Study: Adults with autism often have little opportunity

Study: Adults with autism often have little opportunity



Roughly one in 10 young adults on the autism spectrum apparently has
nothing to do all day, and many more have very limited opportunities,
according to a new study.



They aren't in school, they aren't working and they aren't receiving any job training or government-funded services, said Paul Shattuck, an associate professor at the A.J. Drexel Autism Institute at Drexel University in Philadelphia, who helped lead a new study on young adults with autism.

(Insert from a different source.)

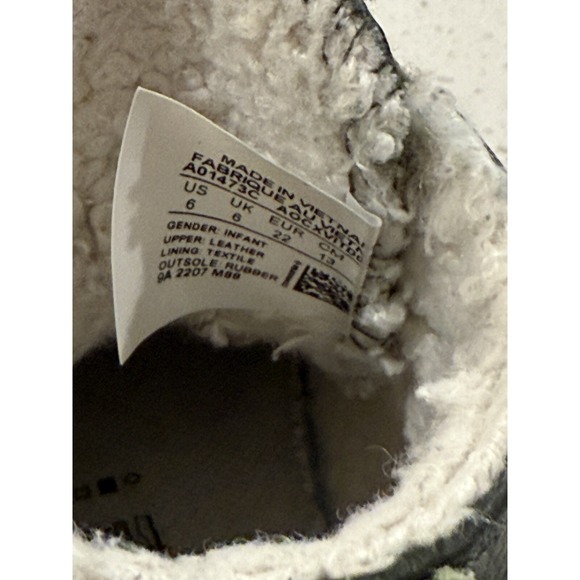 CONVERSE Chuck Taylor Faux Fur Lined Gray Hi Top Sneakers Toddler Size 6 - Picture 5 of 14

"Something is pretty broken," Shattuck said.



For
years, interest in autism has been growing along with autism rates. The
condition now affects one child in 68. Most of the emphasis, though,
has been on young children on the autism spectrum.


"We've
been so focused on that end of the lifespan that it's almost as if we
forgot that these children were going to become adults and now we're at
this crisis point in the system," said Anne Roux, a research scientist
at Drexel, who helped lead the study. 




Researchers
still don't have a good understanding of what autism looks like in
adulthood, Roux said. Autism is defined by social awkwardness,
repetitive behavior and communication challenges. There's so little
known, she said, that it's not even clear how many young adults will
need services – which is what motivated her current research. 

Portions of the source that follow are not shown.